Food for thought: Renaming of ‘Pretzel Dog’ to ‘Pretzel Sausage’ in Malaysia


By Kanmani Rani (Ella Cheong IP Services Sdn Bhd)

There are many tall tales about what hot dogs are made of, but the Department of Islamic Development Malaysia (JAKIM) is eager to make one thing clear to food consumers: there are no dogs in hot dogs.

Last year, the Halal Division of the Department recommended that the U.S fast food chain, Auntie Anne’s, remove the word “dog” from “pretzel dog” in their menu. The director of the Halal division suggested that the frankfurter wrapped in a pretzel be called “pretzel sausage” instead, due to the Islamic proscription relating to dogs.

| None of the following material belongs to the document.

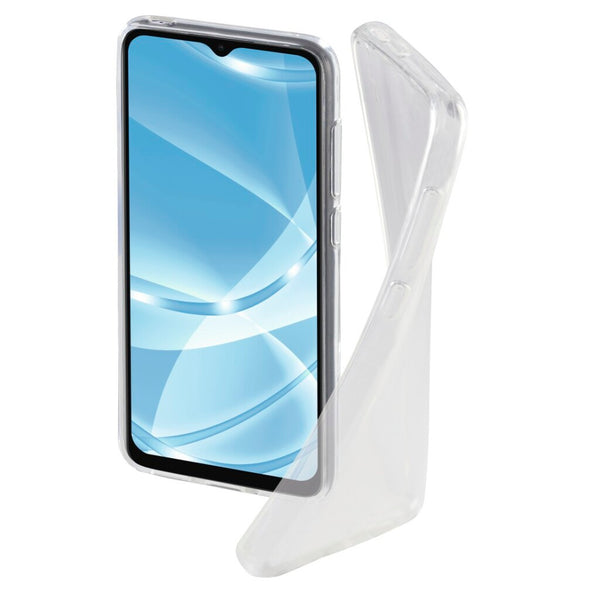 Hama Cover Crystal Clear Voor Samsung Galaxy A32 5G Transparant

Auntie Anne’s has since complied with JAKIM’s recommendations, despite comments from the public that the move is an overreaction by the local religious authorities.

With this move by JAKIM, businesses looking to enter the Malaysian market may wish to be more sensitive to the use of marks that may seem offensive towards local religion or culture. This is particularly so if businesses are seeking halal certification for their business and are filing trade marks in the relevant classes for food and beverage products. In this regard, Section 14(1)(b) of the Malaysian Trade Marks Act 1976 states that “A mark or part of a mark shall not be registered as a trademark if it contains or comprises any scandalous or offensive matter or would otherwise not be entitled to protection by any court of law”. It is suggested that a trade mark examiner’s determination of whether a mark is offensive often involves an element of subjectivity, including in terms of the examiner’s personal views and perception of public opinion. Following JAKIM’s episode with Auntie Anne’s, it remains to be seen whether the Malaysian Trade Marks Office may adopt a similar train of thought when reviewing the registrability of food and beverage-related marks under Section 14(1)(b).

Besides Auntie Anne’s, other food outlets selling hot dogs face similar challenges. For instance, A&W, which obtained halal certification in Malaysia, later renamed their signature Coney Dogs to Chicken or Beef Coneys, and their famous root beer to simply RB on their menu.

Going forward, in the general interest of avoiding similar issues faced by Auntie Anne’s and A&W which may potentially include trade mark registrability issues as well, it would be prudent for trade mark owners to exercise circumspection and be receptive to any sensitivities that may be associated with the use and/or registration of their marks in Malaysia.